═══ RECORDED DATA
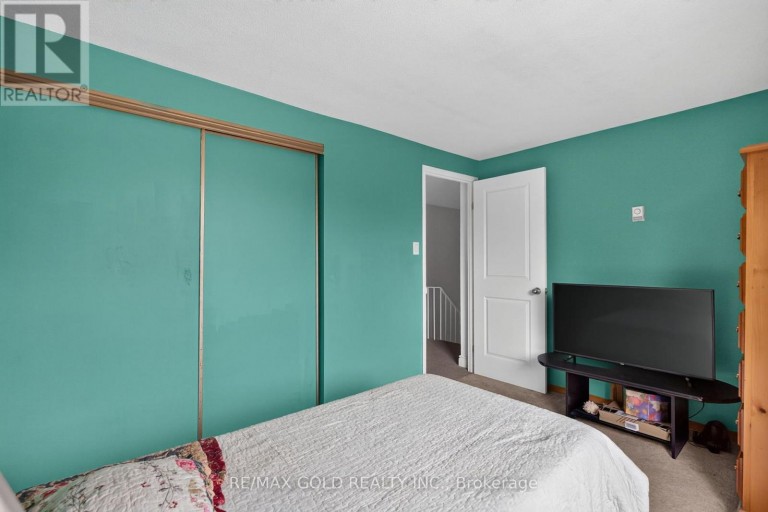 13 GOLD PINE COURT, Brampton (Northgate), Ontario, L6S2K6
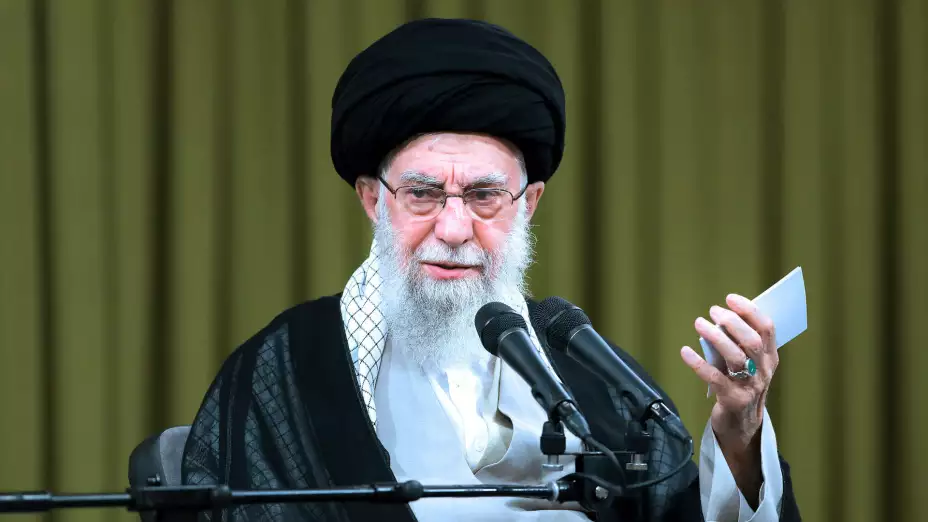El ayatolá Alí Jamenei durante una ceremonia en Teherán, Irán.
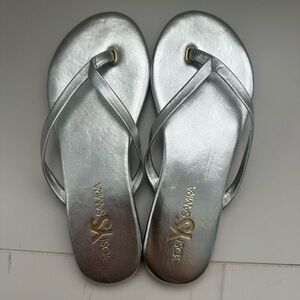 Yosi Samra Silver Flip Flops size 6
══════
* **WHAT YOU NEED TO DO**: A word-for-word copy of all the data, without pictures, is the expected output.

* **TASK RESPONSE**:
 13 GOLD PINE COURT, Brampton (Northgate), Ontario, L6S2K6
El ayatolá Alí Jamenei durante una ceremonia en Teherán, Irán.
 Yosi Samra Silver Flip Flops size 6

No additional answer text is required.